> **DATA PROVIDED**
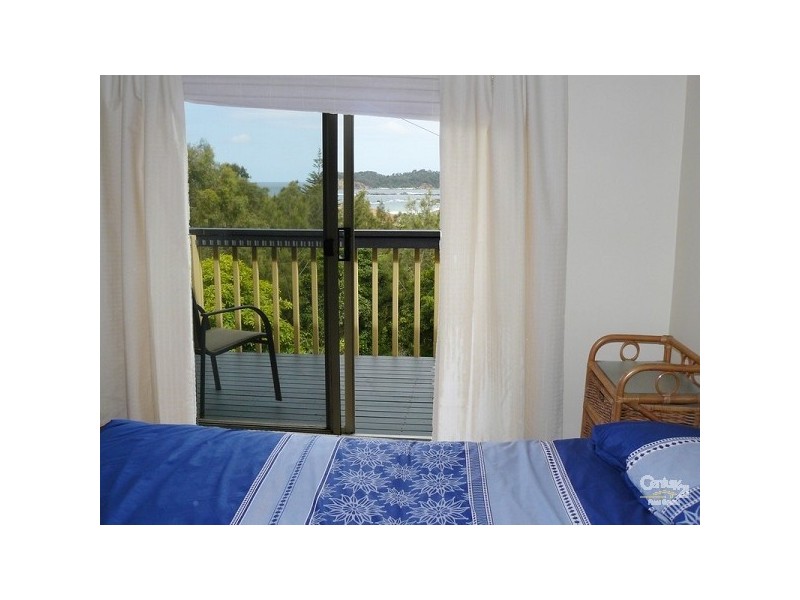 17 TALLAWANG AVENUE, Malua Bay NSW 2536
* * *
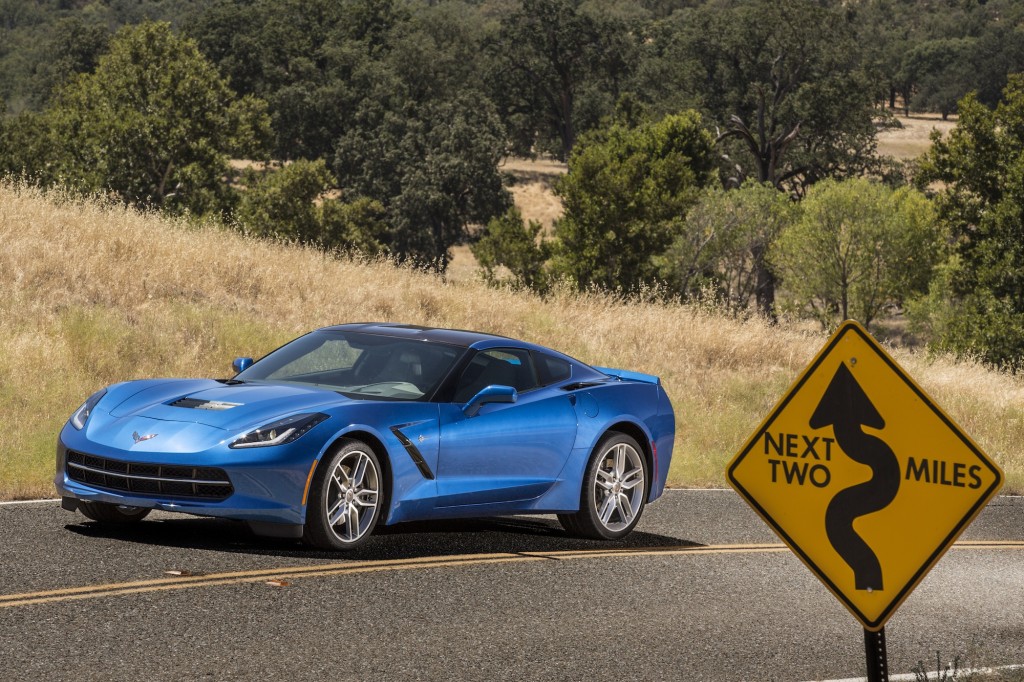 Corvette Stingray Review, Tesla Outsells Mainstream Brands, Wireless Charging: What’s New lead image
--
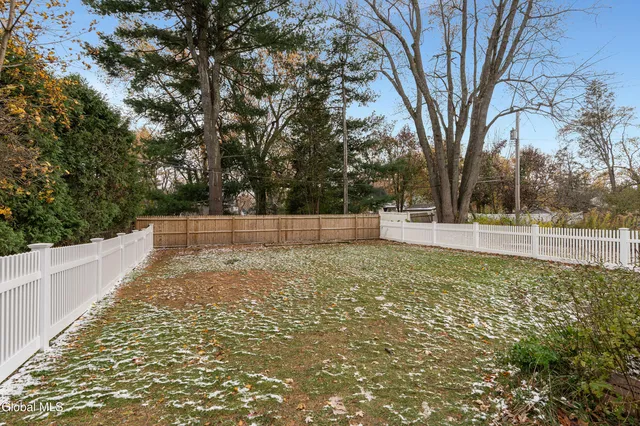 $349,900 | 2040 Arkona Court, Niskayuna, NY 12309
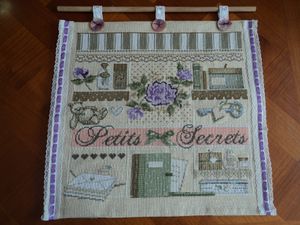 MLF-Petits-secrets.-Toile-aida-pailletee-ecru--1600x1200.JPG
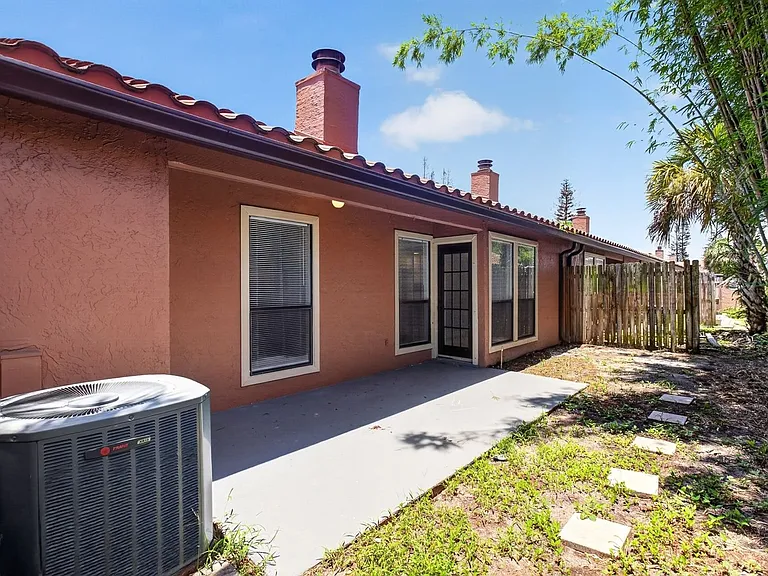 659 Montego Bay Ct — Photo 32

> **WORK REQUEST**
With pictures excluded, reproduce exactly the lines above from the one containing "MLF-Petits-secrets.-Toile-aida-pailletee-ecru--1600x1200.JPG" down to the one containing "659 Montego Bay Ct — Photo 32", those two included.

> **SOLUTION FOR THIS PROBLEM**
 MLF-Petits-secrets.-Toile-aida-pailletee-ecru--1600x1200.JPG
 659 Montego Bay Ct — Photo 32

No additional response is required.